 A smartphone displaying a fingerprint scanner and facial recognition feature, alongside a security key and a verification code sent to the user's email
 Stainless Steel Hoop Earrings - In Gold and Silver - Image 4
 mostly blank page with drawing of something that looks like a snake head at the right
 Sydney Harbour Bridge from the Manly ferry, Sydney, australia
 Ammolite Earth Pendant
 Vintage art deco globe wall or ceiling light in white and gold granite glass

* WORK TASK:
The records above must be reproduced word for word.

* EXERCISE ANSWER:
 A smartphone displaying a fingerprint scanner and facial recognition feature, alongside a security key and a verification code sent to the user's email
 Stainless Steel Hoop Earrings - In Gold and Silver - Image 4
 mostly blank page with drawing of something that looks like a snake head at the right
 Sydney Harbour Bridge from the Manly ferry, Sydney, australia
 Ammolite Earth Pendant
 Vintage art deco globe wall or ceiling light in white and gold granite glass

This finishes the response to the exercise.